While AI stocks are gaining traction in the market, the same can’t be said for software stocks, particularly in the Software-as-a-Service (SaaS) sector, which has been struggling this year without apparent signs of recovery.
Many SaaS firms are still reporting strong revenue increases, which is great. But, interestingly, there are only a few non-SaaS companies keeping pace. Companies like Palantir are benefiting from AI trends as businesses explore the implications of AI on their operations and future strategies. Conversely, the stagnation or decline in revenue growth is fueling skepticism about the software industry’s long-term prospects, with some believing it could be a casualty of the AI wave.
Critics argue that AI coding tools, like Claude Code, might allow firms to develop custom software more easily. However, there’s the looming idea that such AI agents could eventually displace human workers.
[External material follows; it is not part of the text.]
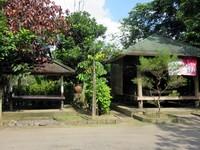 RM Suranadi berlokasi cukup jauh dari pusat kota Mataram. Banngunannya berupa paviliun besar sebagai tempat bersantap utama dan balai-balai kecil khas Lombok bernama berugak.
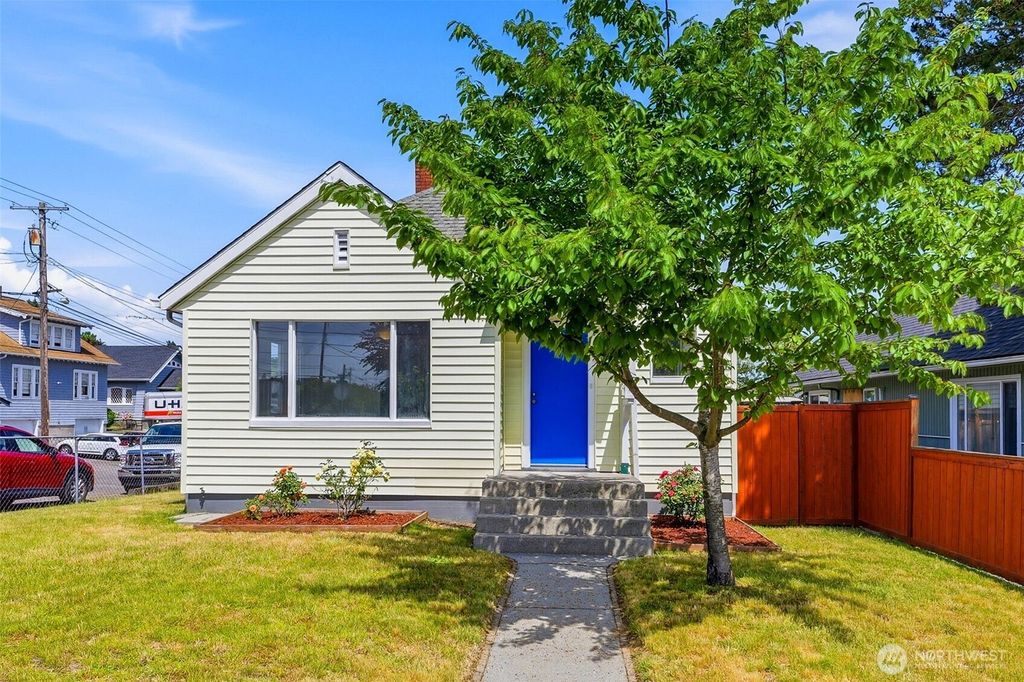 Photo of 1046 5th Street, Bremerton, WA 98337 (MLS # 2524151)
After all, AI agents focus less on user interface (UI), which might undermine traditional software structures. Even if complete replacement doesn’t occur, it’s possible that AI will lead to a drop in the necessary software licenses for companies.
On the flip side, critics note that AI can quickly generate code but struggles with code maintenance. A study by a Chinese company, Alibaba, revealed that 75% of AI-generated code fails within a year because it prioritizes speed over quality. Moreover, Claude Code’s performance seems to have deteriorated since its launch, as some users have reported security issues and reliability concerns.
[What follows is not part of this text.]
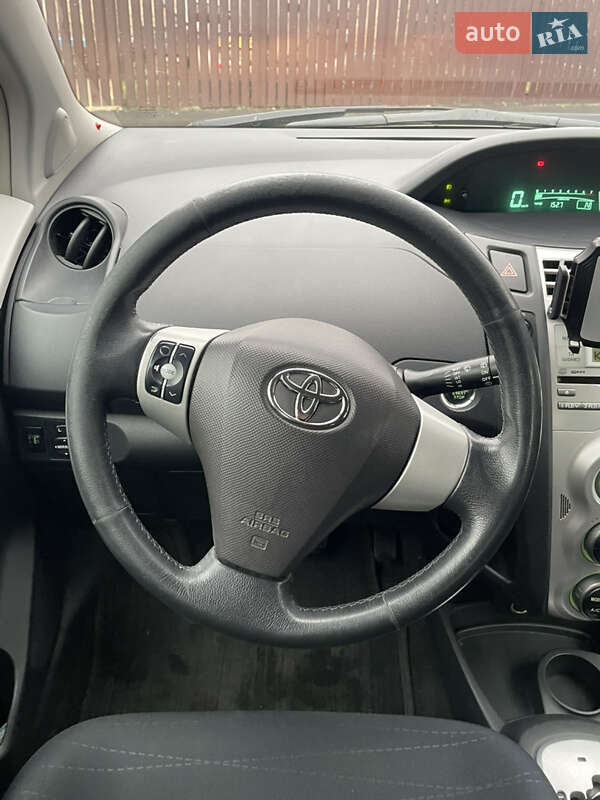 Хэтчбек Toyota Yaris 2006 в Киеве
SaaS businesses that are primarily basic UI wrappers might find themselves at risk from AI advancements. In contrast, those that integrate deeply with customer data and workflows tend to be better positioned for success. Organizations generally prefer to avoid the added risk of software failures or potential AI misbehavior. There’s still comfort in knowing a software vendor is responsible for maintaining stable and secure core systems. As AI agents become more widespread, the old way of priced licenses might shift to a mixed usage model.
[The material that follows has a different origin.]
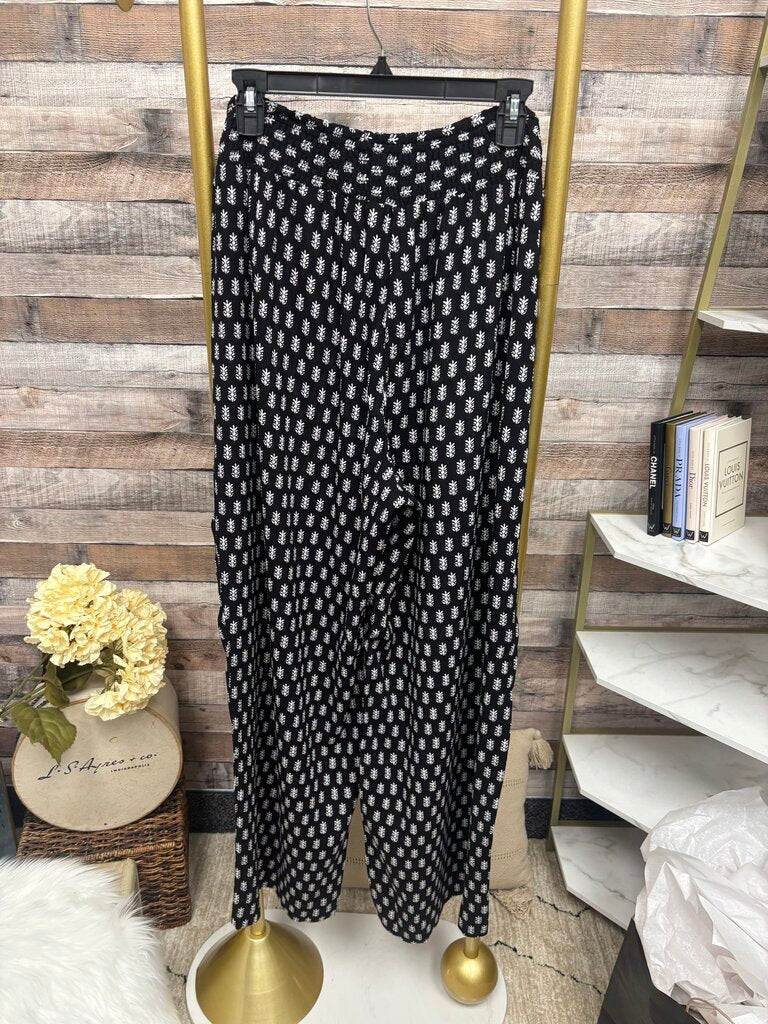 Tommy Bahama Black & White Leaf Pattern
Now, let’s explore two SaaS stocks that are at the core of customer data and seem to have considerable growth potential.
ServiceNow: 85% increase
ServiceNow (now +6.36%) is among the SaaS companies that seem poised to thrive in the AI landscape, despite recent stock performance not necessarily reflecting that. Their configuration management database (CMDB) serves as the backbone of client technology infrastructures and is critical in orchestrating workflows. It’s also a stable system of record rooted in security, custom logic, and audit trails.
The company is experiencing substantial growth, with revenue up around 20%, and its new AI Control Tower solution could position it as a key player in AI orchestration. At a 10x price-to-sales (P/S) ratio—justifiable given its growth—the stock could reach $160, indicating an impressive potential increase of over 85%.
Salesforce: 70% increase
Salesforce (CRM +2.88%) is gearing up for the era of agent-based AI. Having spent years breaking down operational data silos and becoming an essential customer relationship management platform, Salesforce is now the go-to for customer data. This is particularly vital for agent AI since clean, structured data is crucial for functionality.
Salesforce is launching its Data 360 solution, which employs zero-copy technology to extract data from cloud providers and data warehouses efficiently. They also acquired Informatica to effectively manage and cleanse all this data, making it a prime launch platform for agent AI. Projections indicate that its revenue could grow at an average of 11% annually through the fiscal year 2030.
If we take the stock’s P/S increase to a 6x multiple based on its growth prospects, this could push the stock price up to $300, suggesting a potential upside of around 70%.